== TASK TO COMPLETE ==
Please repeat word for word the line containing "2 soveværelse Byhus" and every following line up to and including the last one below, pictures excluded.

Source data:
+ + +

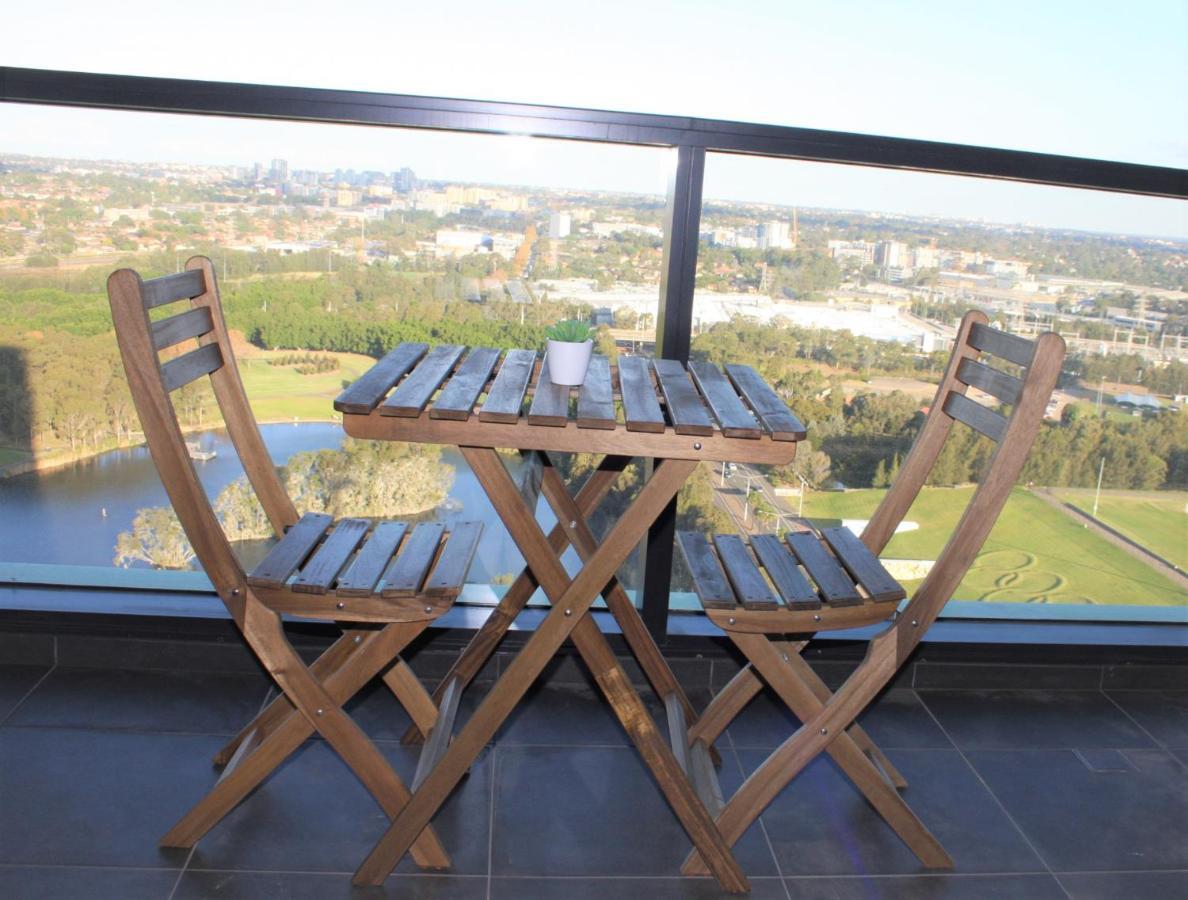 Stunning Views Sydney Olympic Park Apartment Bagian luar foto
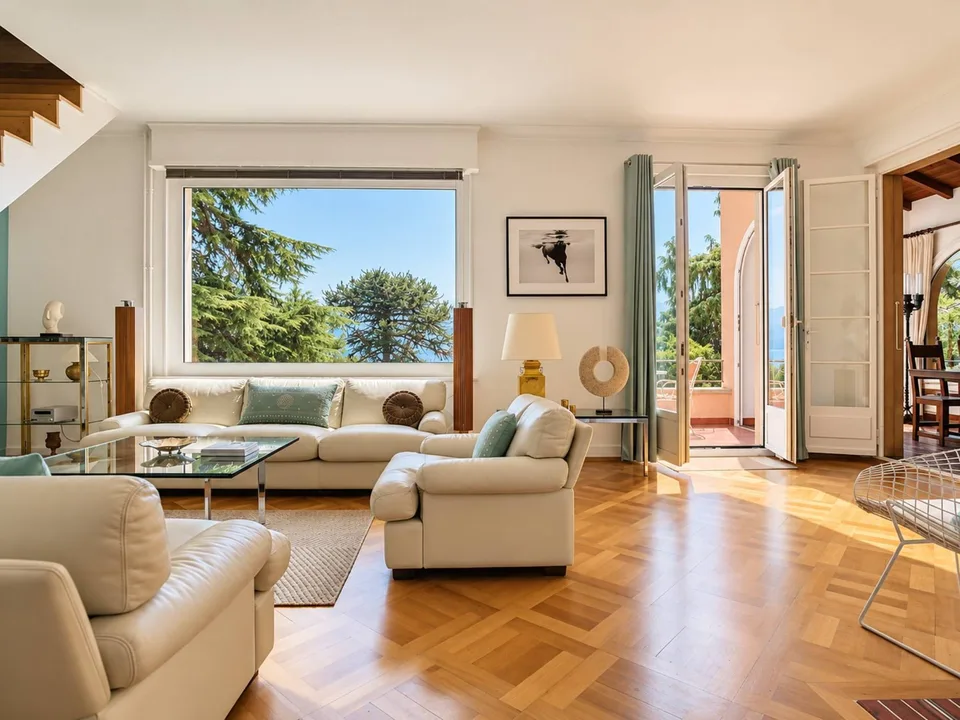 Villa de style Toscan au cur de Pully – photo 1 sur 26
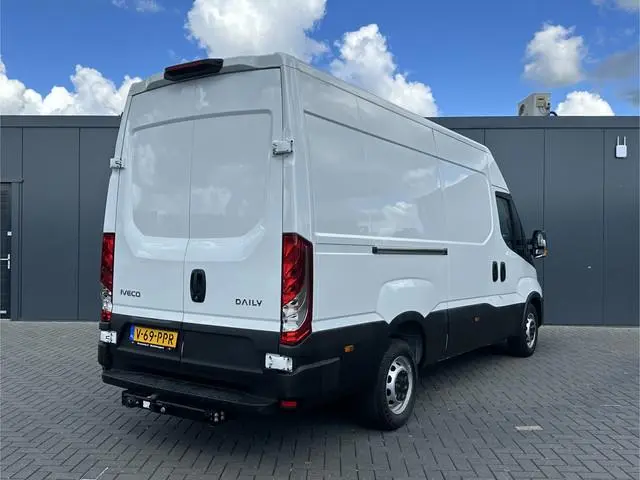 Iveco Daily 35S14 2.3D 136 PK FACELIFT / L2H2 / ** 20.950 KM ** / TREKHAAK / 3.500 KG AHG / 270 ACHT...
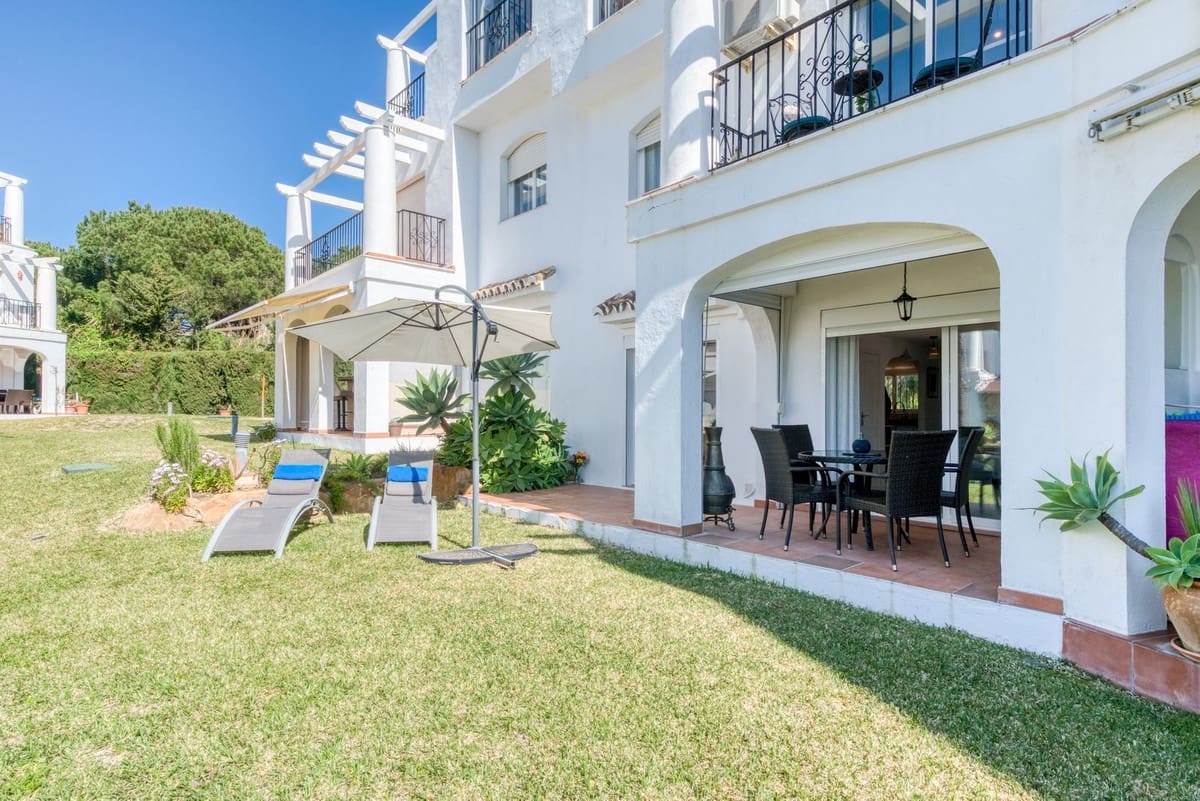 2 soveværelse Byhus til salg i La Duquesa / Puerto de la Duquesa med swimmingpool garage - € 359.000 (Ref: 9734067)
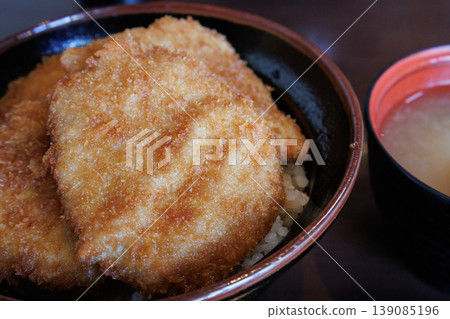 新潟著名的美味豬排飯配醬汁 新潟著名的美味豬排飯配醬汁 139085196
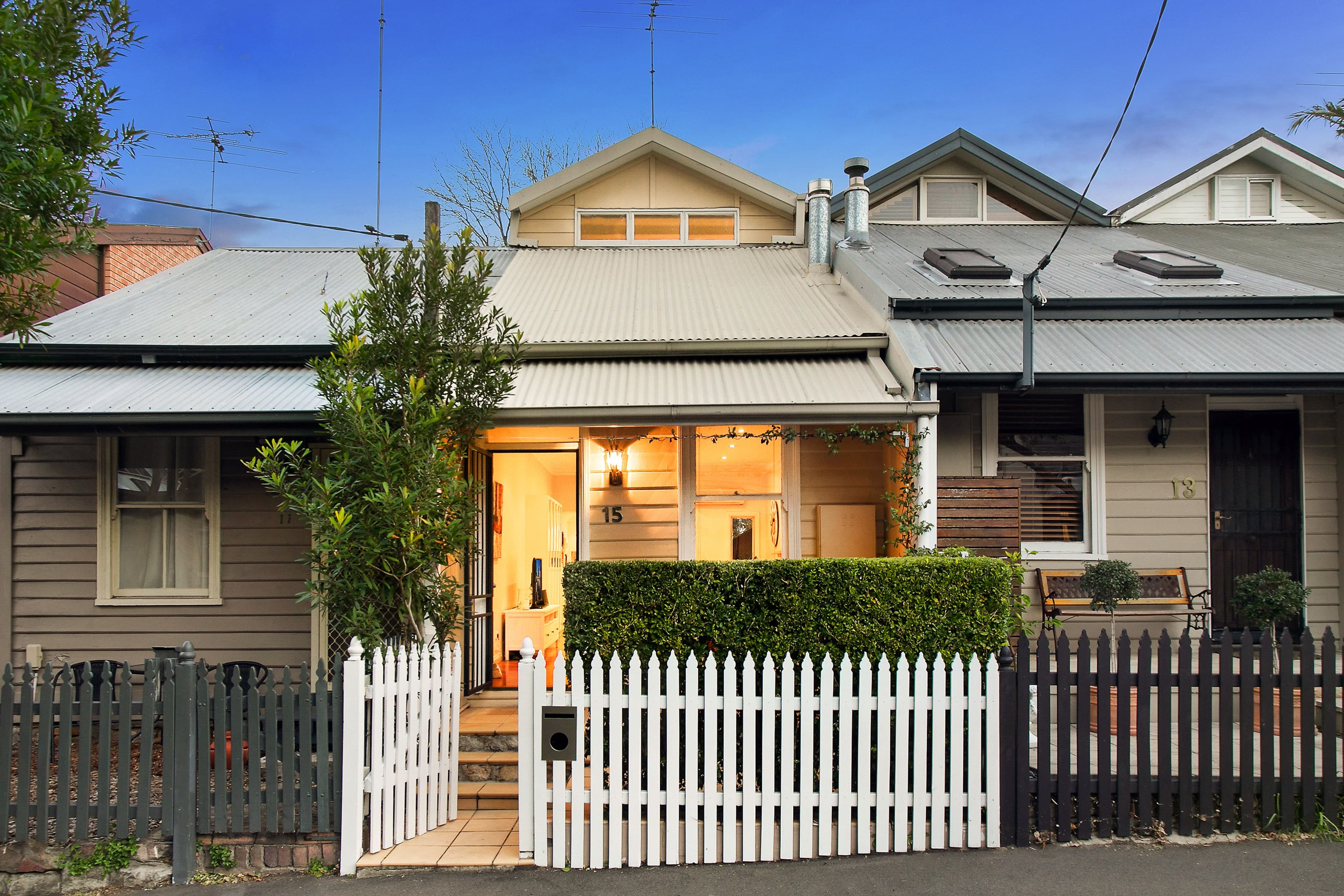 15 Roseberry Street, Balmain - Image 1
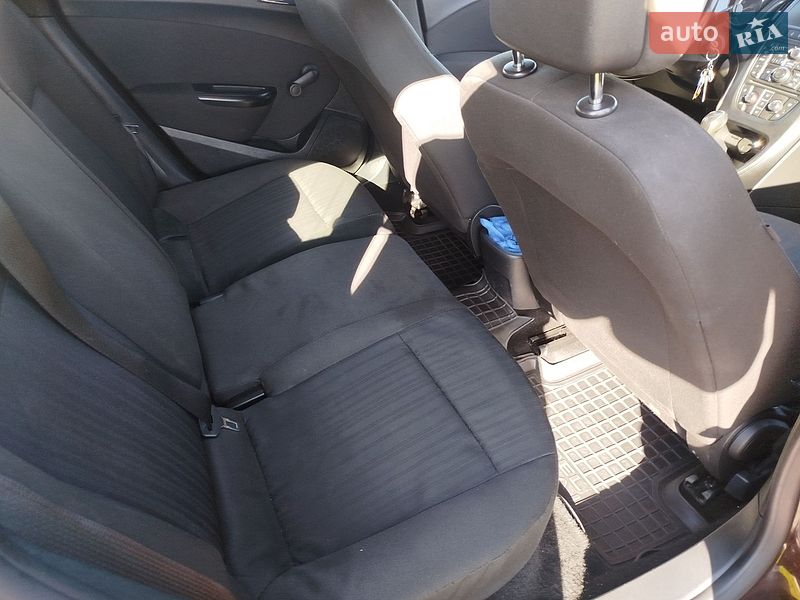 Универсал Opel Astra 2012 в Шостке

+ + +

== RESULT BELOW ==
 2 soveværelse Byhus til salg i La Duquesa / Puerto de la Duquesa med swimmingpool garage - € 359.000 (Ref: 9734067)
 新潟著名的美味豬排飯配醬汁 新潟著名的美味豬排飯配醬汁 139085196
 15 Roseberry Street, Balmain - Image 1
 Универсал Opel Astra 2012 в Шостке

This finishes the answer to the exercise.